From this screen, the user makes one of two explicit decisions:

Path A: “Approve for ERP”

  • Scenario: The AI was correct, or the user fixed a minor typo.
  • Action: The validated JSON is posted to the ERP system.
  • State: POSTED_TO_ERP

Path B: “Mark for Retraining”

  • Scenario: The AI fundamentally misinterpreted the document layout (e.g., missed an entire column).
  • Action: The user corrects the data and flags it.
  • State: RETRAIN_REQUIRED
  • Outcome: This specific document (fetched from /archive/) and its corrected data are queued for the Model Retraining Service to improve the next version of the model.

6. MariaDB Schema

The database schema tracks the PO’s detailed status, decoupling it from the file location.

SQL

CREATE TABLE purchase_orders (
    id BIGINT AUTO_INCREMENT PRIMARY KEY,
    doc_id CHAR(64) NOT NULL,            -- SHA-256 Hash
    filename VARCHAR(255) NOT NULL,      -- Points to file in /archive/
    current_state ENUM(
        'INITIAL',
        'PROCESSING',
        'READY_FOR_ERP',                 -- AI High Confidence & Logic Pass
        'NEEDS_REVIEW',                  -- Logic Failure or Low Confidence
        'POSTED_TO_ERP',
        'RETRAIN_REQUIRED',              -- Flagged by Human
        'RETRAINED'
    ) NOT NULL DEFAULT 'INITIAL',
    
    extracted_json JSON,                 -- Raw output from Qwen2-VL
    corrected_json JSON,                 -- Human-corrected version
    validation_errors TEXT,              -- Why did it fail logic checks?
    erp_reference_id VARCHAR(128),
    
    created_at TIMESTAMP DEFAULT CURRENT_TIMESTAMP,
    updated_at TIMESTAMP DEFAULT CURRENT_TIMESTAMP ON UPDATE CURRENT_TIMESTAMP,
    
    UNIQUE KEY uq_doc_identity (filename, doc_id)
);

7. State Transition Diagram

To ensure strict auditability, the purchase order moves through a deterministic state machine. The workflow enables automation where possible but enforces human decision-making where necessary.

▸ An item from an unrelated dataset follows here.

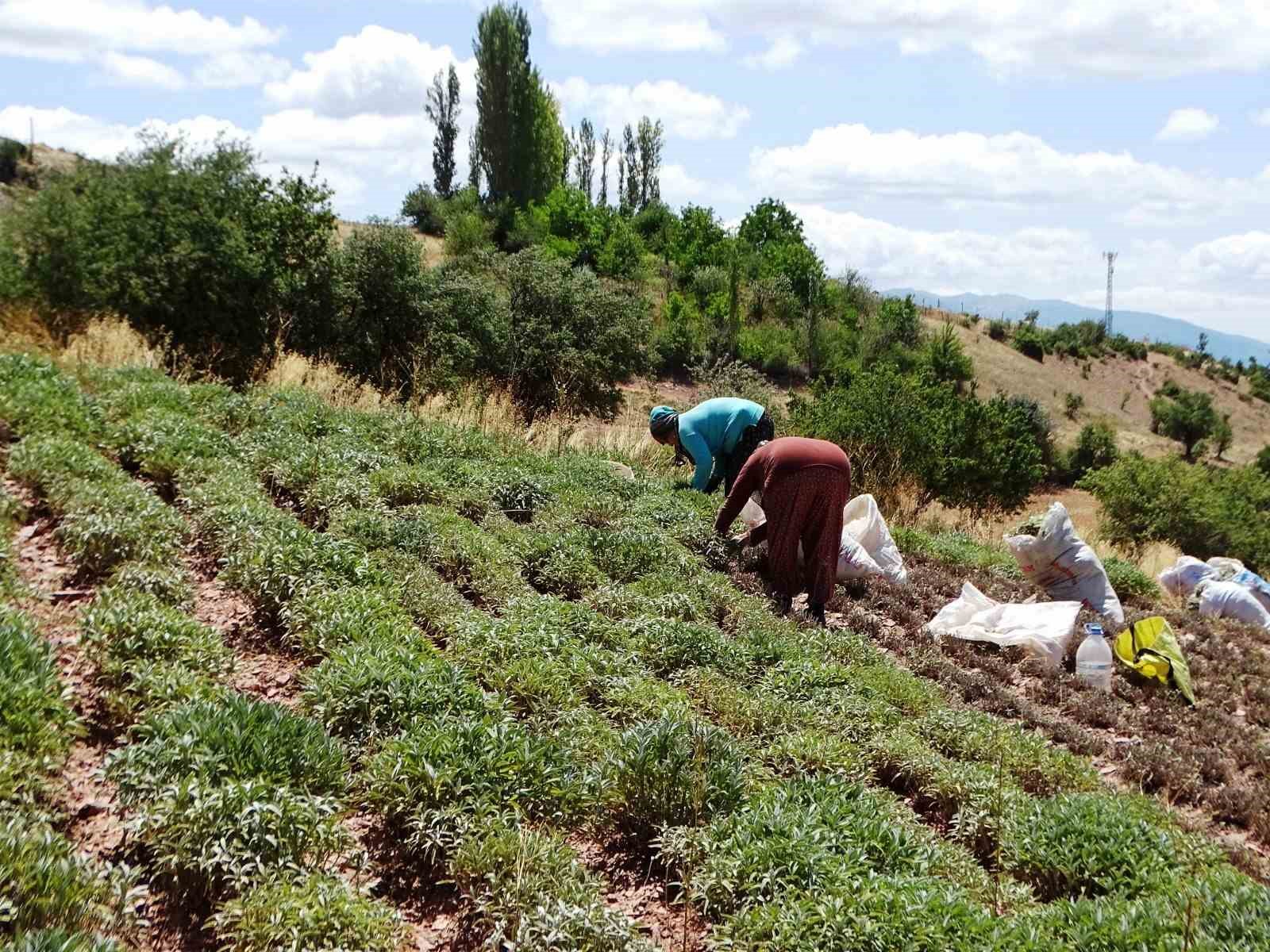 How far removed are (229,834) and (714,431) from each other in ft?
18.1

    [*] --> INITIAL: File in /input
    INITIAL --> PROCESSING: User clicks "Process"
    
    state "AI Inference & Logic Check" as AI_CHECK
    PROCESSING --> AI_CHECK
    
    state join_state <<choice>>
    AI_CHECK --> join_state
    
    join_state --> READY_FOR_ERP: High Confidence & Valid Logic
    join_state --> NEEDS_REVIEW: Anomaly Detected / Validation Failed
    
    READY_FOR_ERP --> POSTED_TO_ERP: Auto-Post / One-Click Approval
    
    NEEDS_REVIEW --> POSTED_TO_ERP: User Corrects Data
    NEEDS_REVIEW --> RETRAIN_REQUIRED: User Flags Model Failure
    
    RETRAIN_REQUIRED --> RETRAINED: Model Retraining Service
    POSTED_TO_ERP --> [*]
    RETRAINED --> [*]

The Logic Flow:

  1. The Happy Path: The document moves from PROCESSING $\to$ READY_FOR_ERP $\to$ POSTED_TO_ERP. In a mature system, this happens without human intervention.
  2. The Safety Net: Any logic failure (e.g., date mismatch) forces the document into NEEDS_REVIEW.
  3. The Learning Path: This is the architecture’s unique value. Instead of just fixing the error, the user can branch to RETRAIN_REQUIRED. This guarantees that the specific edge case that caused the failure is fed back into the model, thereby closing the quality loop.